A peculiar thing about the Teutonic is that, for them, the line between light and dark is thin to the point of disintegration. I’m reminded of this delightful duality every time I recall a freshman-year German professor, dressed in red jeans and purple socks, cheerfully endorsing fatalism. So it’s somehow perfect that the Goethe-Institut’s latest exhibition, “Lichtbogen/Arc d’Light,” should include not only Nicola Stäglich’s brightly brushstroked plexiglass but also Wulf Kirschner’s lumbering steel sculptures. Stäglich’s color-wash stripes allow light to pass through, creating additional dimensions on the wall behind and assaulting the viewer with luminosity.

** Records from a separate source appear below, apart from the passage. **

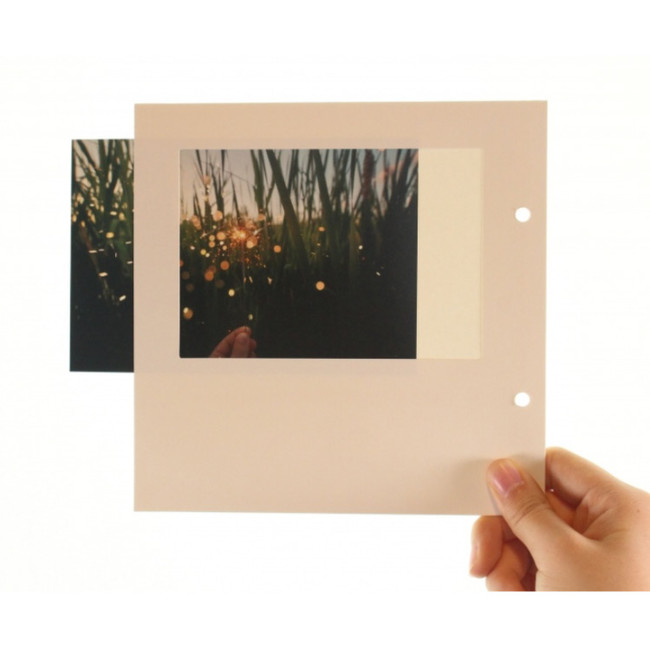 Light 4X6 Slip In Photo Album 2 Ring Binder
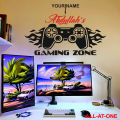 ALL-AT-ONE # 67 ("CUSTOMISED NAME FOR YOUR GAMING ROOM") Self-Adhesive Vinyl Waterproof Removable Art Sticker To Decorate Your Desired Bedroom, Computer Room, and Gaming Room and to Gift Your Friends and Relatives.. 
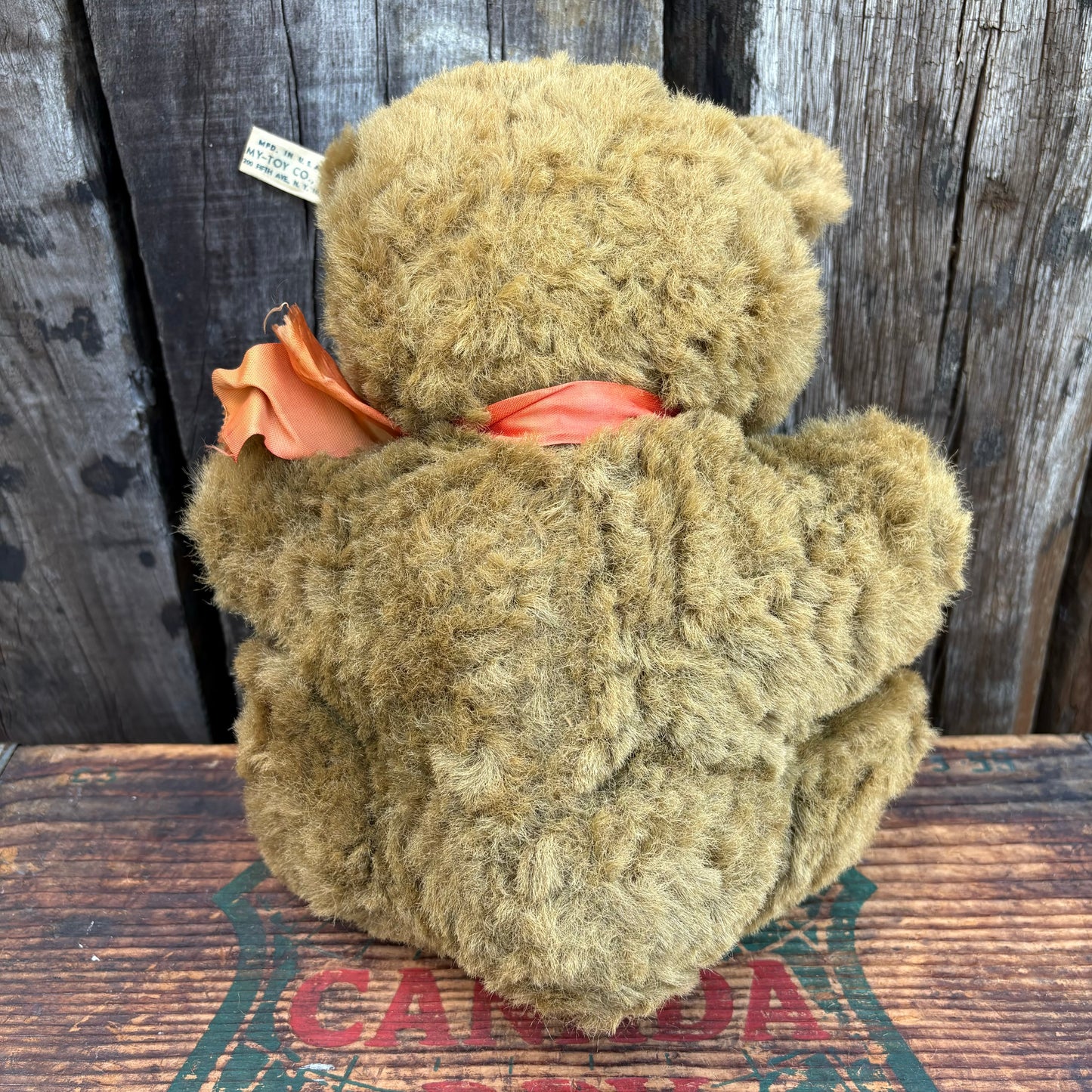 【1950s USA vintage】MY-TOY CREATION teddy bear rubber face doll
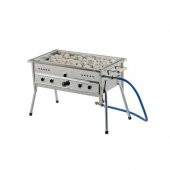 Gürsaç Tüplü Lav Taşlı Mangal Seti 35*50Cm BÜYÜK BOY - 2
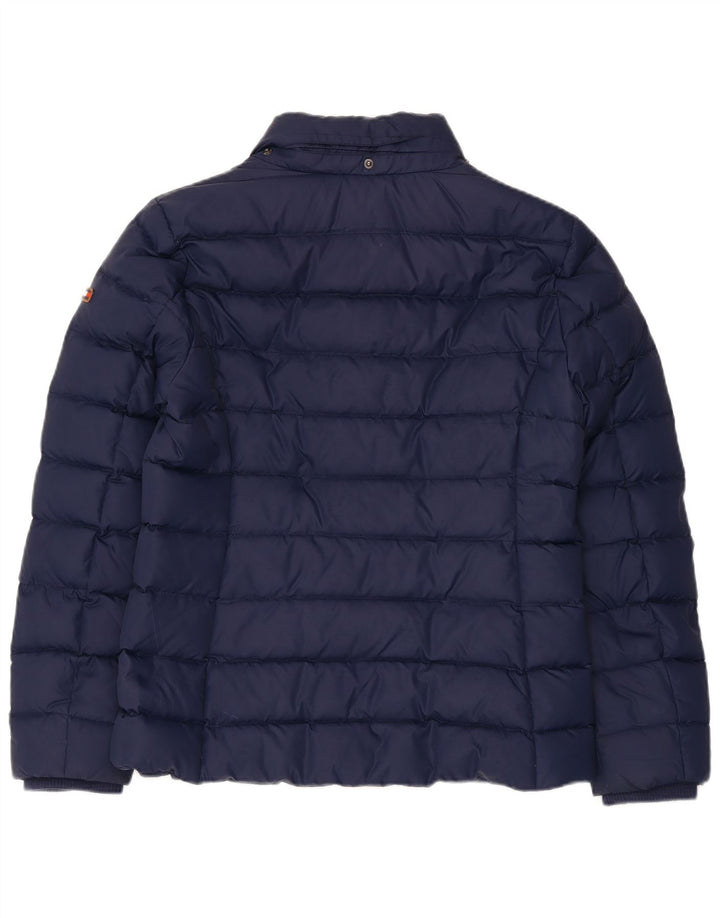 Tommy Hilfiger ženska podstavljena jakna UK 16 veliki tamnoplavi poliester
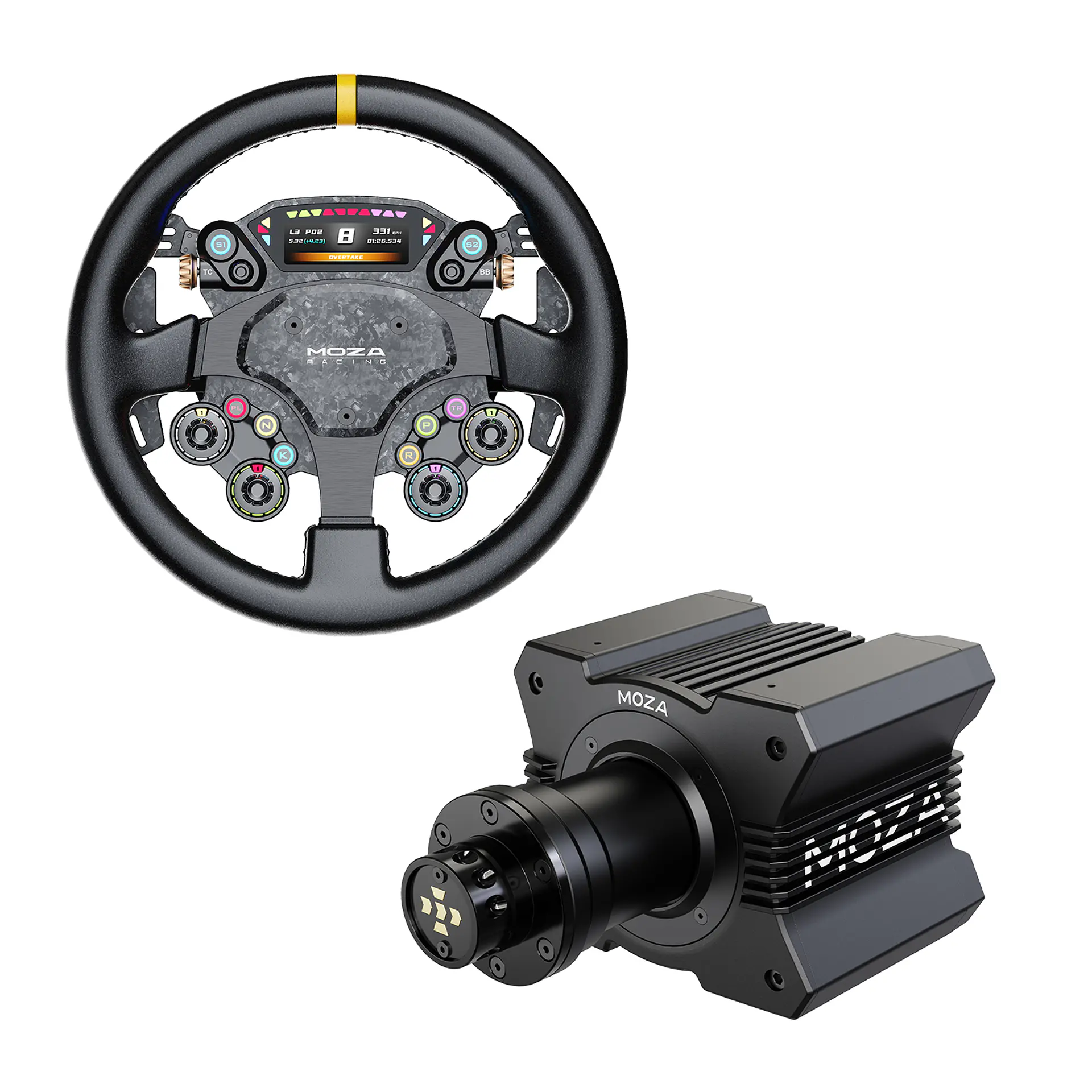 Pack Moza R9 V3 + Volante CS PRO 1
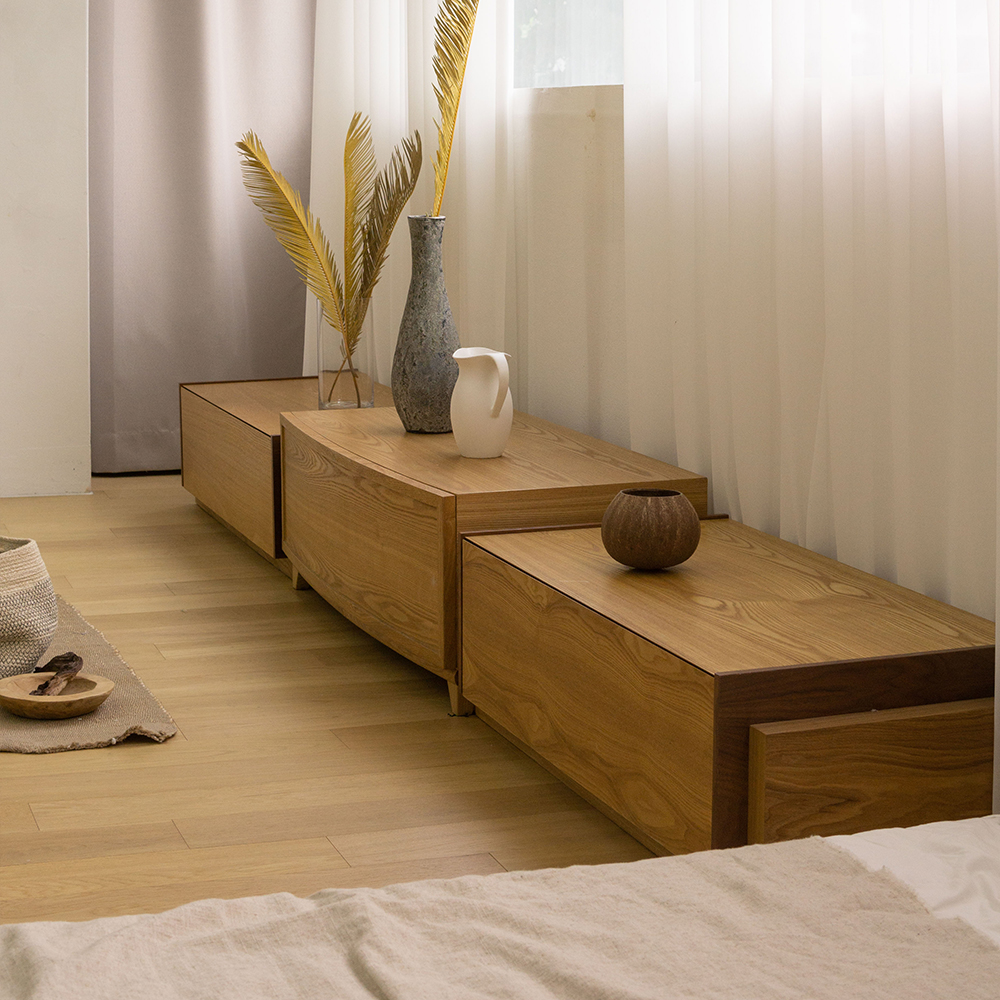 레이첼 북유럽 원목 tv거실장 3000 슬로우우드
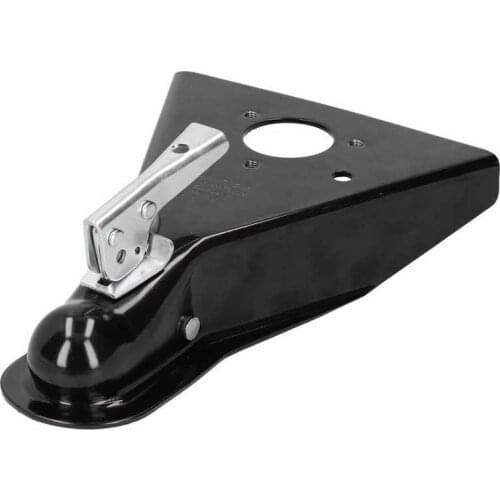 Car trailer tow hook Adjustable Trailer Coupler A‑Frame Secure Coupling for 2in Hitch Ball 5000lbs Weight Capacity Towing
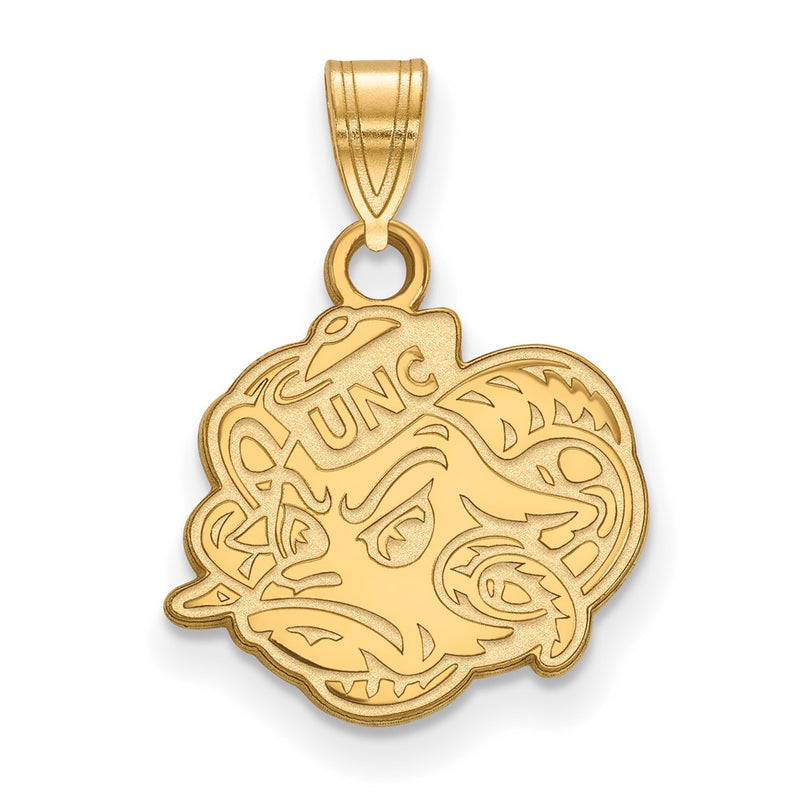 14K Yellow Gold Logoart University Of North Carolina Ram Small Pendant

But Kirschner applies stripes of melted metal to arc-welded forms, allowing the reflected surrounding light to determine the piece’s texture; the technique reveals endless hidden glimmers that depend on the viewer’s perspective—and a heart of darkness. The exhibition is on view from 9 a.m. to 5 p.m. Monday through Thursday and 9 a.m. to 3 p.m. Friday, to Wednesday, Jan. 31, 2007, at the Goethe-Institut, 812 7th St. NW. (202) 289-1200. (Anne Marson)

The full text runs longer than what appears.